Особенно Максим сдружился с Колчаком, имея возможность, беседовать лично. А потому и смог подбить Александра Васильевича на реализацию довольно необычного предприятия…
Дело было так.
Послушав о том, чем занимается Балтийский флот, ротмистр стал рассуждать про Цусимский синдром.
- Что? Какой-такой синдром? – Удивился Колчак.
- Цусимский. Вы о нем не знаете?
- Нет.
- После серии поражений в Русско-Японской войне и, особенно, после разгрома Русского Императорского флота в Цусимском сражении, моряки наши стали воевать от самой, что ни на есть глухой обороны. Боятся наступления. Боятся нового страшного разгрома.
- Но позвольте! Немецкий флот же на голову сильнее нашего!
- И где он стоит?
- Этого мне не известно, - развел руками Колчак, но весьма неуверенно.
- В Вильгельмсхафене! В Северном море! А здесь, на Балтике, у немцев и кораблей почти нет. Только легкие силы, притом в ограниченном масштабе!
Поболтали они в тот раз несколько часов. Через неделю еще раз встретились. И еще. А потом, вдохновленные своими фантазиями, заявились к командующему Балтийским флотом фон Эссену, с которым у Колчака были удивительно хорошие личные отношения…
И вот 2 февраля 1915 года однотипные броненосцы «Андрей Первозванный » и «Император Павел I» вышли малым ходом в сторону Ирбенского пролива. Их задача была проста и обыденна – прикрыть минные постановки.
В Рижском заливе к ним присоединились четыре канонерские лодки типа «Гиляк II », а также группа эсминцев. На первый взгляд – все прилично и в рамках задуманного дела. Одна беда – на канонерках и эсминцах были слишком уж большие команды… и не имелось мин...
Поэтому ничего удивительного не было в том, что получившийся ордер, миновал Ирбенский пролив и двинулся дальше. А уже 4 февраля, в утреннем полумраке на пляж у основания косы Пиллау, начали вылезать шлюпки. Тихо и деловито из них выбирались моряки и рассыпались по берегу, занимая позиции. Плавсредства же отчаливали и шли за следующей партией десанта, ориентируясь на хорошо заметные силуэты кораблей.
Не прошло и часа, как в восьми километрах от Пиллау на берегу скопился сводный батальон вооруженных до зубов моряков. Армейские подразделения специально не стали привлекать, чтобы меньше болтовни и резонанса. Чтобы тише шла подготовка и быстрее. Ограничились добровольцами с морских экипажей.

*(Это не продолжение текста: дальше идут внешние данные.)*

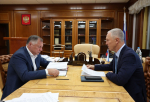 Хуснуллин отметил уверенный экономический рост Херсонской области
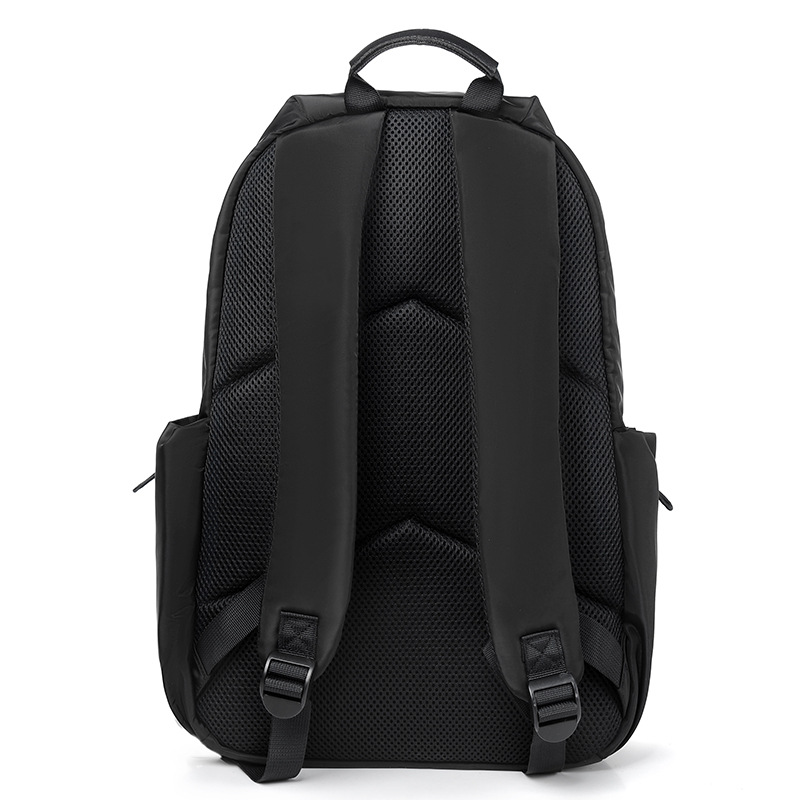 New backpack with large capacity, trendy backpacks, for junior high school, senior high school and college students, and for casual travel Specification drawing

Заработали орудия «Андрея Первозванного» и «Императора Павла I».
Удивительно бестолково спроектированные броненосцы в данной ситуации оказались очень кстати. Эти чрезвычайно перегруженные корабли обладали настолько плохой мореходностью, что на полном ходу даже в штиль зарывались в воду. Так что, ходить они могли только очень неспешно. Однако, для своего водоизмещения они обладали исключительным бронированием и вооружением. Что сейчас и пригодилось. Ведь, идя в кильватере, они могли работать по берегу из восьми 305-мм, четырнадцати 203-мм и дюжины 120-мм пушек. Солидно? Очень. Особенно учитывая особенность береговых батарей Пиллау.